## Your objective
Repeat the listing below in full and exactly, but without its pictures.

(Data)

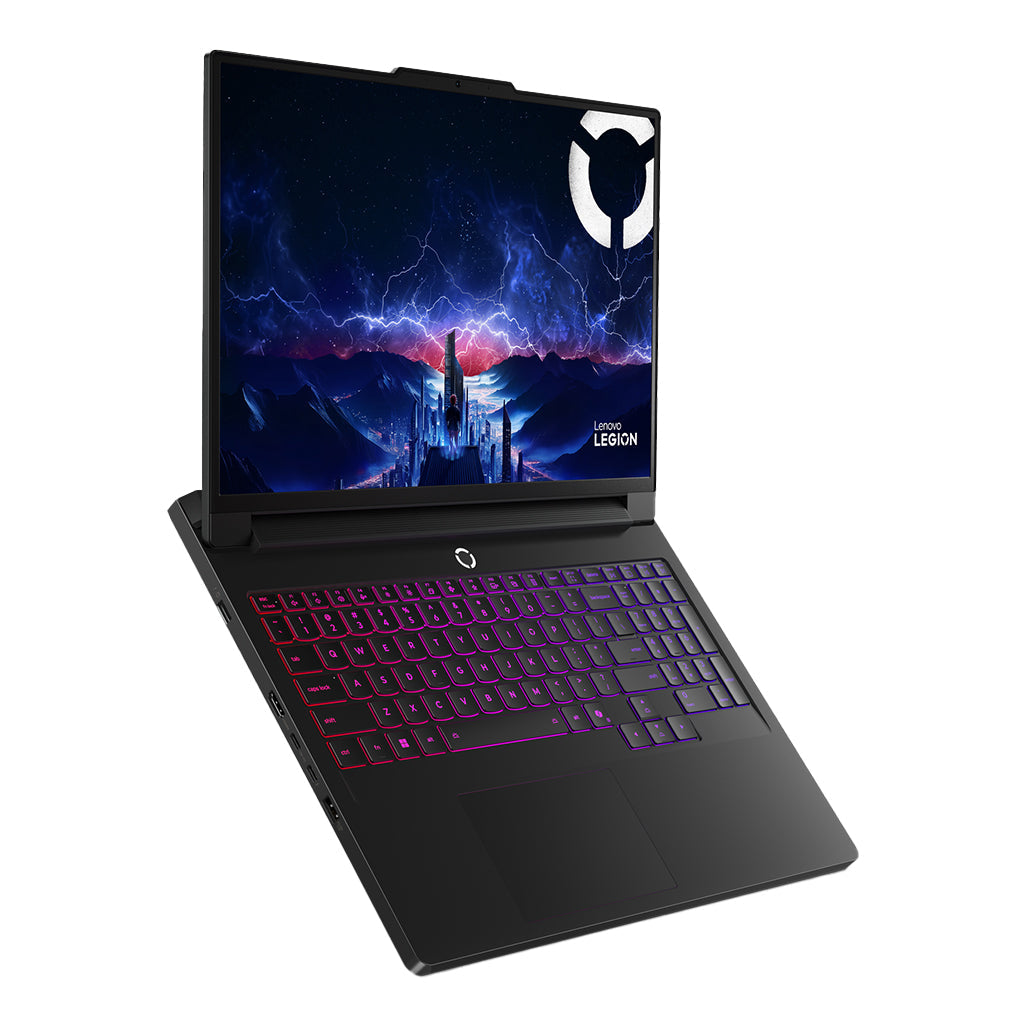 Lenovo Legion Pro 7 16IAX10H Gaming Laptop Intel Core Ultra 9 275HX NVIDIA RTX 5090 24GB - 32GB RAM, 1TB SSD | 83F500E9DP view 3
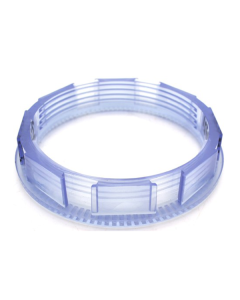 Rising Dragon 5" Jet Nut and Light Housing Nut(Clear) RD-221-5021 - Spa Spare Part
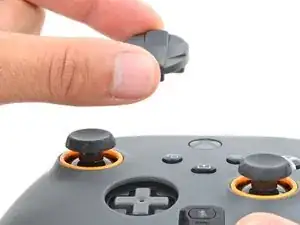 D-Pad Button Cover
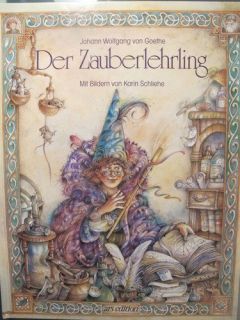 Der Zauberlehrling Johann Wolfgang von Goethe, Karin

(End Data)

## Solution for this task
 Lenovo Legion Pro 7 16IAX10H Gaming Laptop Intel Core Ultra 9 275HX NVIDIA RTX 5090 24GB - 32GB RAM, 1TB SSD | 83F500E9DP view 3
 Rising Dragon 5" Jet Nut and Light Housing Nut(Clear) RD-221-5021 - Spa Spare Part
 D-Pad Button Cover
 Der Zauberlehrling Johann Wolfgang von Goethe, Karin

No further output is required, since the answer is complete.